Hi everyone,
I am analyzing a Methylation EPIC array data using ChAMP package. I observed that after apply champ.load() function, some extra probes are getting added to my actual probes list. Those probes were not present in the file imported by champ.import function and also not added when I perform champ.filter.
Since I want to use "SWAN" normalization in champ.norm() function I had to use champ.load(). When I applied champ.load(), the number of probes matching with manifest (EPIC.mainfest.hg19) are less. Ideally manifest file should have all the probes and coordinates for array data. But in my case I found, NOT all the probes present in myLoad$beta (which is a file after champ.load) or myNorm match with manifest and there are few hundred probes remain unassigned. The doubt is champ.load() seems to add some extra probes which are not present in my data. Here is my command:
> myLoad_2<-champ.load(directory = getwd(),
> method="minfi",
> methValue="B",
> autoimpute=TRUE,
> filterDetP=TRUE,
> ProbeCutoff=0,
> SampleCutoff=0.1,
> detPcut=0.01,
> filterBeads=TRUE,
> beadCutoff=0.05,
> filterNoCG=TRUE,
> filterSNPs=TRUE,
> population=NULL,
> filterMultiHit=TRUE,
> filterXY=TRUE,
> force=FALSE,
> arraytype="EPIC")
Number of probes remained after filtering: 705948 Number of filterd probes matched with manifest: 705762 Some extra probes I checked manually which were not overlapped with manifest: 186 Also I tried to check the origin and Some of these 186 probes overlapped with human.450K.manifest.csv file. How it is possible that when I give EPIC and probes were not present in my EPIC.manifest and also in my original data gets incorporated after champ.load().
I tried to look for solution but could not find anything.
I request you to please help me with the same.
Thank you
Hi Yuan,
Thank you for the reply.
I tried to do as you suggested. Again there is a less overlap:
This is same as previous results.
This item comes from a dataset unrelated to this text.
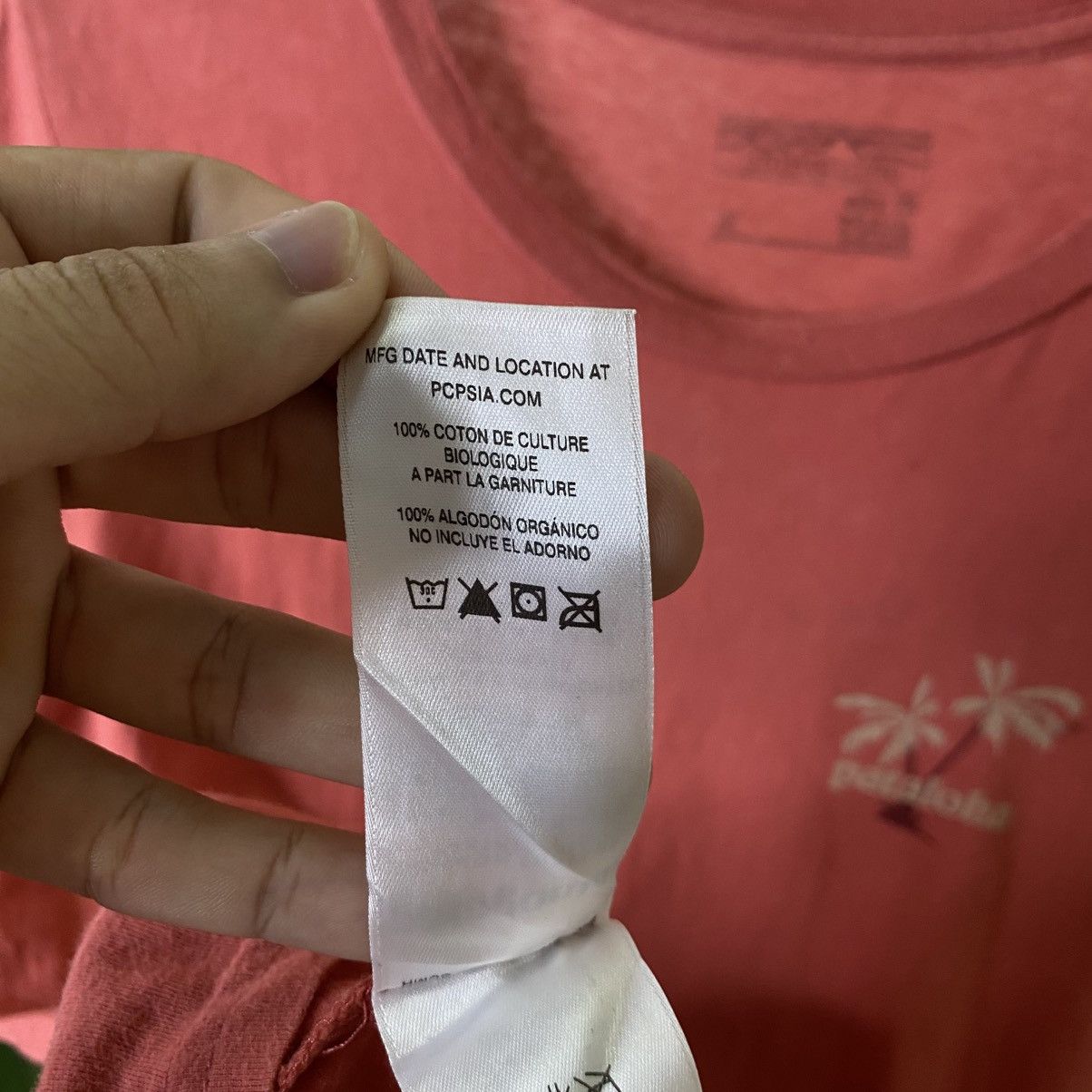 Patagonia Patagonia Pataloha Surf Women T Shirt Size S / US 4 / IT 40 - 5 Thumbnail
And those 186 probe still did not overlap with "AnnoEPIC".
I am not able to figure where is the problem.
The only observation I had is when I intersected this with 450K Anno file, 87 out of 186 overlapped.
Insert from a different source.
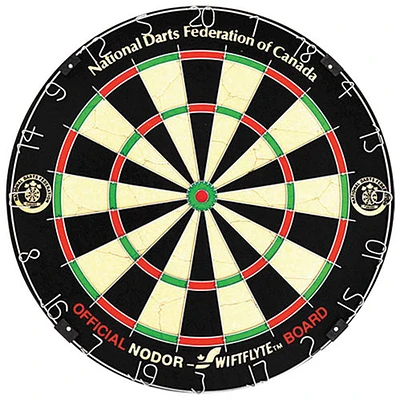 Cible en fibres Supabull 2 de Nodor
I don't understand why this 450K probes + other probes are incorporated in my EPIC data.
Also, champ.import() + champ.filter() pipeline gives not extra probes added, What could be the issue only with champ.load()
Please help.
Thanks
I would like to add another observation:
The above two commands gives different number of filtered probes retained. I think it has to do with "minfi" method.
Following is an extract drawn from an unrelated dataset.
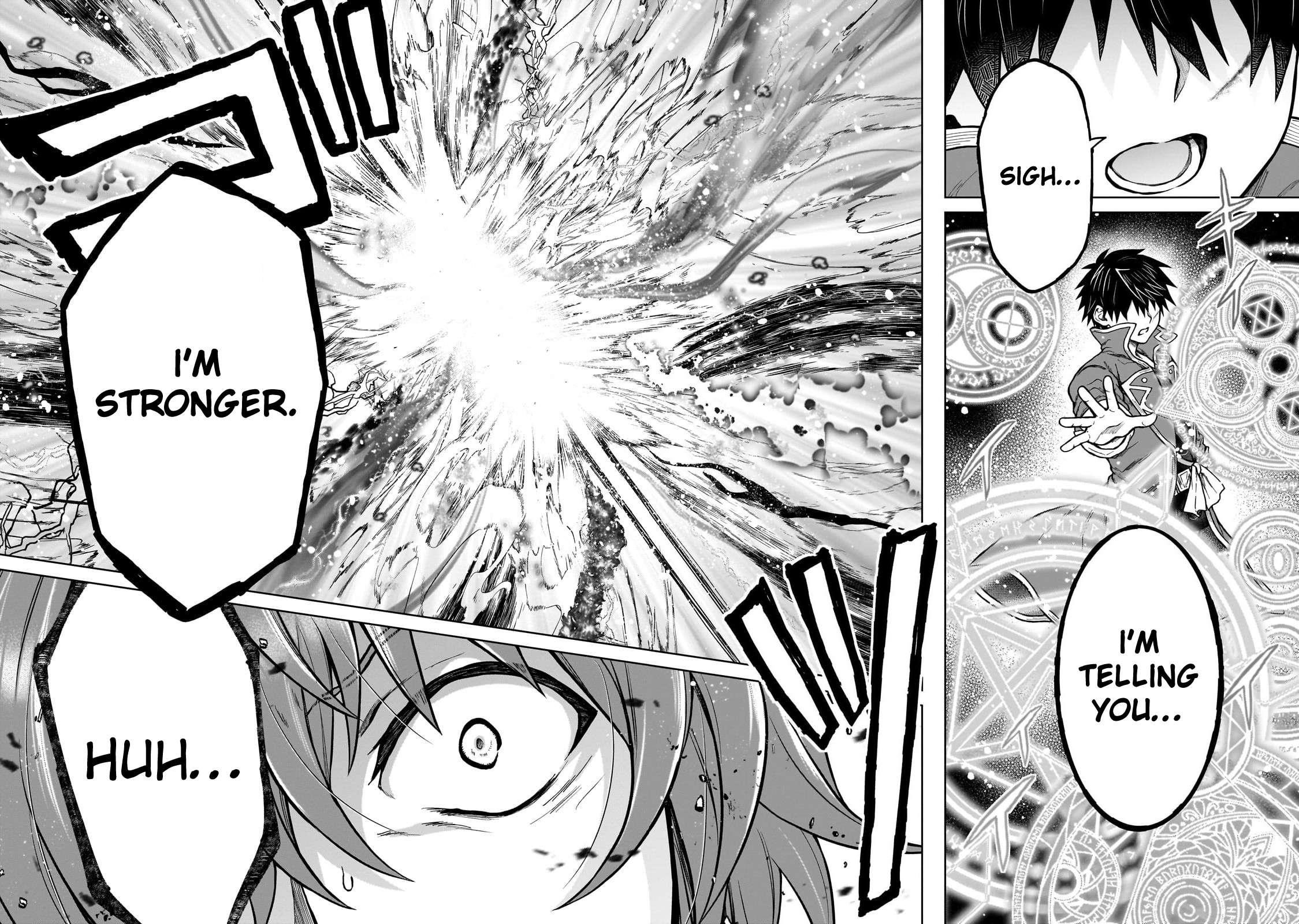 I’m a D-Rank Adventurer, for Some Reason I Got Recruited Into a Hero Party, and Now the Princess Is Stalking Me Chapter 39 - Page 13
What is the issue? and what should I do?
Please suggest.
Thanks
Hi,
I tried checking with older versions also, but the results are same.
If any information, please let me know.
Thank you
Hi Ankit:
I did some test, with latest version ChAMP, and downloaded GSE137541 for testing, I saw the data was published recently, so I assume it is using the latest version EPIC.
1: All CpG in myLoad or myImport are matched with AnnoEPIC annotation if you use the default "ChAMP" method. AnnoEPIC is used in champ.import(), so which is what I expected. If you use minfi method, AnnoEPIC will not be used when loading.
2: champ.load() get exactly the same result as champ.import() + champ.filter(), which is what it should be, because if you check the champ.load() code, it's simply combined champ.import() and champ.filter() togather, without any modification. But one thing maybe worth notice is: If I load data with champ.import() then use champ.filter(), the
beadcount
parameter in champ.fiter() should be assigned asmyImport$beadcount
.3: I compared "minfi" method and "ChAMP" method in champ.load() function. In 450K data they get exactly the same result. In EPIC data, "minfi" method indeed included 100+ more CpGs, but if I compared "common CpGs" between two loading results, they are exactly the same. I did a quick check, the difference was caused when data are read by minfi's function
readmetharray()
. So I am thinking maybe there is some tiny EPIC annotation version difference between two methods. But I need time to find out the difference. However, the difference only influence 100+ CpGs, all the rest are exactly the same.If as you said, the old version is matched. I may assume "minfi" method get updated at some point because ChAMP's loading method/annotation has not been modified in past 2 years, so I guess maybe minfi slightly improved the annotation, included 100+ CpGs. However, I did not see any updating on Illumina website, the latest version was what published in 2017. So it's kind of wired...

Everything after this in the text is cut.